Thinking of driving out to Cyprus in June; has anyone done the journey? Advice.. things to do... things to avoid? Will be 2 of us coming out; any advice/information on routes, places to stay, ferries etc. appreciated.

Paul


----------



## andygreg62 (Dec 21, 2008)

*driving from uk any advice*

we are considering driving from the uk has anyone got any tips or advice on best route, or would you advise against it !!!!


----------



## Miles and Sue (Nov 11, 2008)

Hi Guys we did look into this but you kind of run out of road way before Cyprus, from memory you drive to Italy then stick your car on a ferry for 7 days, you could also drive to Athens but there is no direct ferry but i think you could do the ferry to Rhodes then a ferry to cyprus. but double check your map and you may think as i did its a bl%*&y long way across from the UK to cyprus all on the wrong side of the road.


----------



## mayotom (Nov 8, 2008)

gloucester_geezer said:


> Hello all,
> 
> Thinking of driving out to Cyprus in June; has anyone done the journey?
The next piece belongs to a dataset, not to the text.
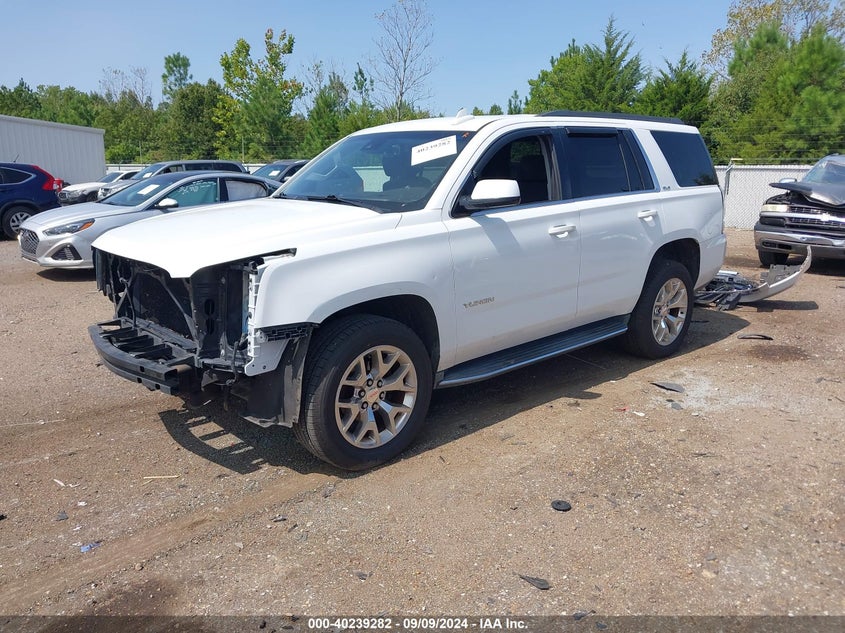 2016 GMC YUKON SLE - 1GKS1AKC6GR380457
Advice.. things to do... things to avoid? Will be 2 of us coming out; any advice/information on routes, places to stay, ferries etc. appreciated.
> 
> Paul


Maybe you will need one of these









I would recomend a trip through France, all west coast, spend time in Languedoc, then Barcelona accross north Spain, to Galicia, through Portugal, in to Andalucia, hit places like Sevilla, and Granada, down the Costa del Sol Take a ferry from Tariffa to Tangiers, do a trip accross north Africa in to Alexandria in Egypt then take a Ferry to Limassol. 

oh and take your time, like 6 months...


----------